In my opinion, Sam was physically more appealing than Big White Guy. Sam was also racially closer to Wichai -- and it is a fact that most people prefer sexual partners of similar race -- and my intuition told me that Wichai would have preferred Sam to Big White Guy anytime.
The problem was, he had promised Big White Guy after giving him a massage in the morning, to go back with him. So why did Wichai propose to Sam -- in the afternoon -- a follow-up session at the hotel? God and Wichai are the only ones who know.
Possibly, Wichai had not expected Sam to accept, or he might have intended the follow-up session for another evening, only to learn that this was going to be Sam's last evening. But faced with Sam's acquiescence, Wichai had a big, big dilemma.
He might have wanted to tell Big White Guy his evening session had to be cancelled, but couldn't find the courage. Perhaps he couldn't find the words. Wichai's English was halting, at best. Or maybe he just couldn't find Big White Guy.
More likely though, he just didn't know what to do, and froze into inaction, as so often happens to you and me when we're in a quandary. We do nothing and hope that somehow we can escape with a bit of luck or that everything will right themselves without our having to own up. Indeed, sometimes, this kind of lucky escape happens. Other times, alas, everything collapses into a heap.
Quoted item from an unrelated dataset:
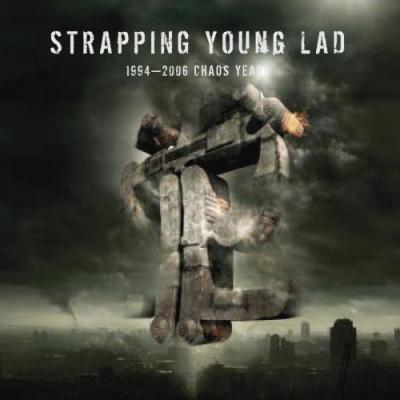 20080611024313-strapping-young-lad-1994-2006-chaos-years-proper-.jpg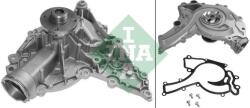 Schaeffler INA Pompă de apă, răcire motor Schaeffler INA 538 0244 10 (538 0244 10)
This was one such heap. Wichai probably preferred Sam, and hoped to sneak away with us. The bad luck was that Big White Guy walked to the gate a few steps behind us, and caught him eloping with Sam. Worse, Big White Guy would not let his prey out of his teeth, and climbed aboard the songtiew, staring at him all the way. It must have been an excruciating journey for Wichai.
Sam loved Pattaya, and I'm sure he's going back soon. I hope he meets Wichai again, and gets the chance to tell him we understand, and that we sincerely hope Big Angry Guy didn't abuse him too badly the next day.
* * * * * * * * * *
There is a point to this story. It is that people who provide sex for money are as human as you and I. All too often, defensive about our own moral credentials, we cast them in two-dimensional terms, we label them, and we deny them any place within the bounds of humanity.
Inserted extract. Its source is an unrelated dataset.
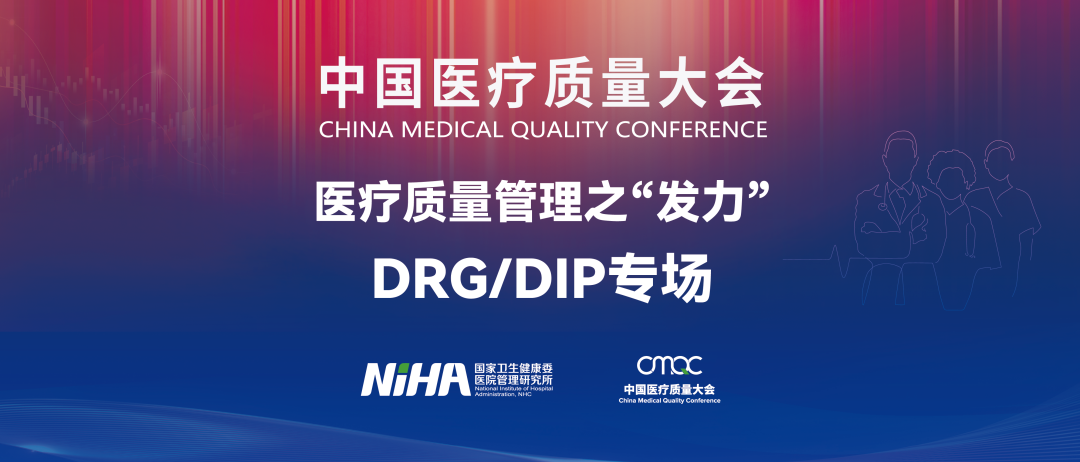 1663552900857080946.png 1.png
Wichai's impulses -- his lying to his parents about coming to Pattaya, his preference for a more attractive sexual partner, ducking a prior promise, maybe a lack of courage, freezing up in a moment of crisis -- are the very impulses we have all experienced, and suffered from.
Let's not think ourselves superior. They are no different from you and me. And they are no less deserving of our understanding and respect.